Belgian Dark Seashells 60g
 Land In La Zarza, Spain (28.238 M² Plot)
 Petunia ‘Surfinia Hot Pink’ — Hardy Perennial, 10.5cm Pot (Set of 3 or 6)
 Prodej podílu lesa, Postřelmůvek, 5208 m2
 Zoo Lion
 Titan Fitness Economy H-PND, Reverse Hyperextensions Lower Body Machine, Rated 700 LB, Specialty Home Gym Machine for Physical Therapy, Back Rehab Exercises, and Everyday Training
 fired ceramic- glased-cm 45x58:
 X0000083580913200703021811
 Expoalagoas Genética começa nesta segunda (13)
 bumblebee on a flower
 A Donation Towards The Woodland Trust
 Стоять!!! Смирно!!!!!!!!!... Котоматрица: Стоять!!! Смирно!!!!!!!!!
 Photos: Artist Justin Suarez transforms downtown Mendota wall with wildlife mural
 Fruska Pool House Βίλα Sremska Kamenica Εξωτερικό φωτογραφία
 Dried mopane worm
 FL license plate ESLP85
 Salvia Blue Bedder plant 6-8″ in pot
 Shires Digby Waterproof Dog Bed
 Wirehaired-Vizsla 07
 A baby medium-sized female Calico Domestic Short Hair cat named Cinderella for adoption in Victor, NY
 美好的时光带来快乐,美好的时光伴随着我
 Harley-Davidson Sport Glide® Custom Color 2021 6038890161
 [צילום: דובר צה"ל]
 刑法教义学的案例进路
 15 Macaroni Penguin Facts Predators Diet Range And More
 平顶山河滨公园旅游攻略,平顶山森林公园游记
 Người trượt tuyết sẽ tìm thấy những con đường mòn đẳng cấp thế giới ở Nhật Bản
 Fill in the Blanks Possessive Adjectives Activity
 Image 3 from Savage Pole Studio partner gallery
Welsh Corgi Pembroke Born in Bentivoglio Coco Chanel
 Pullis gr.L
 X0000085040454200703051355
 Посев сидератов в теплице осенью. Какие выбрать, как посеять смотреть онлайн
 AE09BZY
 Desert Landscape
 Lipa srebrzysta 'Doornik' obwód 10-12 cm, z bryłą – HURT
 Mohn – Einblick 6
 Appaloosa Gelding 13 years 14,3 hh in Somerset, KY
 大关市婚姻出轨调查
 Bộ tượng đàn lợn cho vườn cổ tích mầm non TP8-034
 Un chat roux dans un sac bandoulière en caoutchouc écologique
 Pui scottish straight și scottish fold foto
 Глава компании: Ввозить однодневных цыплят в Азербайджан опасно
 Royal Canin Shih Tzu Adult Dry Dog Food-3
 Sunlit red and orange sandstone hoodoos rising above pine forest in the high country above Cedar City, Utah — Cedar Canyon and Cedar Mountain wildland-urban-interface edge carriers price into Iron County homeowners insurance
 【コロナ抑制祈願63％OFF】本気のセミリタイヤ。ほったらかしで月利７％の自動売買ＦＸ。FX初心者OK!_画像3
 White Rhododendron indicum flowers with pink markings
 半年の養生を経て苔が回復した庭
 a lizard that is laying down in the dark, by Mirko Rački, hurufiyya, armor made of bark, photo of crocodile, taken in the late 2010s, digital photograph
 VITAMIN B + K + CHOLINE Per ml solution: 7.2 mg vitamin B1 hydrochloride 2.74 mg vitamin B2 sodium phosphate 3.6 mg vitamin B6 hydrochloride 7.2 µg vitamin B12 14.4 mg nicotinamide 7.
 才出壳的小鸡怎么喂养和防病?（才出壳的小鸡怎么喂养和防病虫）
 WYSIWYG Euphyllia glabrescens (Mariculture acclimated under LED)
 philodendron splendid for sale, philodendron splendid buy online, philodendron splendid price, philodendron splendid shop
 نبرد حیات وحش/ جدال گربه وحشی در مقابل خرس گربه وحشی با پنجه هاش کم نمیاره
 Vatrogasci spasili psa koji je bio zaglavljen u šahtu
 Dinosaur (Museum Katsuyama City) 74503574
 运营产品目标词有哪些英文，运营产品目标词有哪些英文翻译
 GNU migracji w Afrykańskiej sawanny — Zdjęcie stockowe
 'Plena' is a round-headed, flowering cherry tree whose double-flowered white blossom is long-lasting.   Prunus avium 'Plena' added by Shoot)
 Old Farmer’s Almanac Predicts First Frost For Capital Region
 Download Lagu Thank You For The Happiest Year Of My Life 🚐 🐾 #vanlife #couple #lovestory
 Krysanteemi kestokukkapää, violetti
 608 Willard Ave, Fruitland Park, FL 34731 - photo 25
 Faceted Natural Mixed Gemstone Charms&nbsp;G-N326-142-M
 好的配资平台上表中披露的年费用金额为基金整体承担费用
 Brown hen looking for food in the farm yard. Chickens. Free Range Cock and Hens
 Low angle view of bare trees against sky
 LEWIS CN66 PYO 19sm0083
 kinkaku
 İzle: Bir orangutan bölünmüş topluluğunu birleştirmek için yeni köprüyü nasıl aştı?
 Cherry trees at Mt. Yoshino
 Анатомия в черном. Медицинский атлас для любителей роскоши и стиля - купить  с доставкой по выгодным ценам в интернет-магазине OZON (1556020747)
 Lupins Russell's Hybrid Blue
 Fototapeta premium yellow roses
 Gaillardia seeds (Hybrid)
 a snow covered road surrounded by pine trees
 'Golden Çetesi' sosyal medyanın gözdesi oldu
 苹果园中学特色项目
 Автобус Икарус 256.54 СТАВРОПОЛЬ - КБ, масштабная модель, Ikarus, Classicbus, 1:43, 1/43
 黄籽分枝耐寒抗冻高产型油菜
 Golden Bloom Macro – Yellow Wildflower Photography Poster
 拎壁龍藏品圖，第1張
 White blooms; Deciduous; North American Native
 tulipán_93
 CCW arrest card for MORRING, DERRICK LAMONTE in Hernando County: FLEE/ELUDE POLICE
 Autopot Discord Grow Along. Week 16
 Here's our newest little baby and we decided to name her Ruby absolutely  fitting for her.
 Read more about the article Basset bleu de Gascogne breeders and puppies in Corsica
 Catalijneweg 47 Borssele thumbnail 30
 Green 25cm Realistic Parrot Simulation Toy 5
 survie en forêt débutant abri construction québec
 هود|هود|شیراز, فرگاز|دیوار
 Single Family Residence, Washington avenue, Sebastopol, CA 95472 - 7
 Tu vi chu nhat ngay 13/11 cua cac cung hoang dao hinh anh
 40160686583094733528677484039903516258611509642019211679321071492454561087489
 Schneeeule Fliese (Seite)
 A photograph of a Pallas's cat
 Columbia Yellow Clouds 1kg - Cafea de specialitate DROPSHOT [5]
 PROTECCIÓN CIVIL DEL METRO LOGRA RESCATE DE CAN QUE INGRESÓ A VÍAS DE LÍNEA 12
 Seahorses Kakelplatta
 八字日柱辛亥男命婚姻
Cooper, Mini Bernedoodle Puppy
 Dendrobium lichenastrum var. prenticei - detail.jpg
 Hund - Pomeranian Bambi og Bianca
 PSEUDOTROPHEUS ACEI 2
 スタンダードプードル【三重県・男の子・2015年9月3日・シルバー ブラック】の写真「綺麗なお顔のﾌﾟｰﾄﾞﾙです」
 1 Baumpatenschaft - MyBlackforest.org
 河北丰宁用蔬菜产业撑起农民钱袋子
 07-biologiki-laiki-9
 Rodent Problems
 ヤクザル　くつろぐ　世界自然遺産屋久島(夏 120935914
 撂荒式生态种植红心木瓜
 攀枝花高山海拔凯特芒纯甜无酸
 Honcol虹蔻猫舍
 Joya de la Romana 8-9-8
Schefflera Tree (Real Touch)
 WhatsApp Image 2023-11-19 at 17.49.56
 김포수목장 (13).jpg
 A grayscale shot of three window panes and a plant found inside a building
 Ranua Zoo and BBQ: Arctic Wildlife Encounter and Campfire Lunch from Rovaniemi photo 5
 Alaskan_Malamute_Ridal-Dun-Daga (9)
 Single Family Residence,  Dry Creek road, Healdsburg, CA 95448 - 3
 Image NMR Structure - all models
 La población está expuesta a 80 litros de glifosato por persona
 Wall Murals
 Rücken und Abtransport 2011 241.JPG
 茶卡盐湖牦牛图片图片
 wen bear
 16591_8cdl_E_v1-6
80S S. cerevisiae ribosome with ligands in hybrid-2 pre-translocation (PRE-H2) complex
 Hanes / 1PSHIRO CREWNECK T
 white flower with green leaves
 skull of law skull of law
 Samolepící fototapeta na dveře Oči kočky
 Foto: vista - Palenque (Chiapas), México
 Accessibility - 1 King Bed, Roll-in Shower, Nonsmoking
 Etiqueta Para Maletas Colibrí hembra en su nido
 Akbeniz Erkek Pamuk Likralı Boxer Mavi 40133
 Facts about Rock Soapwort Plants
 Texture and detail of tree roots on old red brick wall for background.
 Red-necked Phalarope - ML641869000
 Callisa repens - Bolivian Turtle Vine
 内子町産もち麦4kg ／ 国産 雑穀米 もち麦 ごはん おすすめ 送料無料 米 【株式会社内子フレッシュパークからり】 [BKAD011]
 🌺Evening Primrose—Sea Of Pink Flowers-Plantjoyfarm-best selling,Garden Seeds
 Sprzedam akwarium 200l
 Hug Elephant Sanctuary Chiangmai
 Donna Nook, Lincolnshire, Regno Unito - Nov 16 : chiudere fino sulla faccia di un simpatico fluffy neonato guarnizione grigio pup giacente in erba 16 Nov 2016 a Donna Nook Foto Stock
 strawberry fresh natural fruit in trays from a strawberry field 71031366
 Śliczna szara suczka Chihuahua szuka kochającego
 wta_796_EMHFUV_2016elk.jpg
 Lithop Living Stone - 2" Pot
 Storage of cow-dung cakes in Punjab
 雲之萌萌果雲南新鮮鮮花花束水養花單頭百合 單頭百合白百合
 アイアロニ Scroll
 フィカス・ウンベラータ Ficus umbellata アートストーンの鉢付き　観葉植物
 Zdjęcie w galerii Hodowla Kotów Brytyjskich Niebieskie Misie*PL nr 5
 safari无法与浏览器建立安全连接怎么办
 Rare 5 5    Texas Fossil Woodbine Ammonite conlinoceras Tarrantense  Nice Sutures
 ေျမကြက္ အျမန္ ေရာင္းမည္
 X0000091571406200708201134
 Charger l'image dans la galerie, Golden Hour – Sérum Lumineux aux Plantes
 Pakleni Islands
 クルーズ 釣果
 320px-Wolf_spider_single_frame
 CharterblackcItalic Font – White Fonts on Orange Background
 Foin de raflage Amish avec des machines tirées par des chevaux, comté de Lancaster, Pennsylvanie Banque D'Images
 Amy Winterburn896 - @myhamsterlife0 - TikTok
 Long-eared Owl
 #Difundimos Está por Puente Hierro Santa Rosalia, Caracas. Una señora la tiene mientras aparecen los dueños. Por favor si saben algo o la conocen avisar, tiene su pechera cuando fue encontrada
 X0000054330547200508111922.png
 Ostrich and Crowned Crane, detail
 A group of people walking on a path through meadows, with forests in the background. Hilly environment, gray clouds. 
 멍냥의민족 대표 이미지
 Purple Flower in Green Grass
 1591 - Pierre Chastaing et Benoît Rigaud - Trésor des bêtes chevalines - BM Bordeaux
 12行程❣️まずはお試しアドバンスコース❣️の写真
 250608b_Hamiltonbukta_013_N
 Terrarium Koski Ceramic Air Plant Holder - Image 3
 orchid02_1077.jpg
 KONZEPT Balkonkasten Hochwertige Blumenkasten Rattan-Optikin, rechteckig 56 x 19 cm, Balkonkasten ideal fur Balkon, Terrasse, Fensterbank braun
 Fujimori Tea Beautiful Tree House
━━━
What you need to do:
The reply should hold only the lines from the beginning of the listing to the line with "FL license plate ESLP85", both ends included, unchanged.

Output for this exercise:
Belgian Dark Seashells 60g
 Land In La Zarza, Spain (28.238 M² Plot)
 Petunia ‘Surfinia Hot Pink’ — Hardy Perennial, 10.5cm Pot (Set of 3 or 6)
 Prodej podílu lesa, Postřelmůvek, 5208 m2
 Zoo Lion
 Titan Fitness Economy H-PND, Reverse Hyperextensions Lower Body Machine, Rated 700 LB, Specialty Home Gym Machine for Physical Therapy, Back Rehab Exercises, and Everyday Training
 fired ceramic- glased-cm 45x58:
 X0000083580913200703021811
 Expoalagoas Genética começa nesta segunda (13)
 bumblebee on a flower
 A Donation Towards The Woodland Trust
 Стоять!!! Смирно!!!!!!!!!... Котоматрица: Стоять!!! Смирно!!!!!!!!!
 Photos: Artist Justin Suarez transforms downtown Mendota wall with wildlife mural
 Fruska Pool House Βίλα Sremska Kamenica Εξωτερικό φωτογραφία
 Dried mopane worm
 FL license plate ESLP85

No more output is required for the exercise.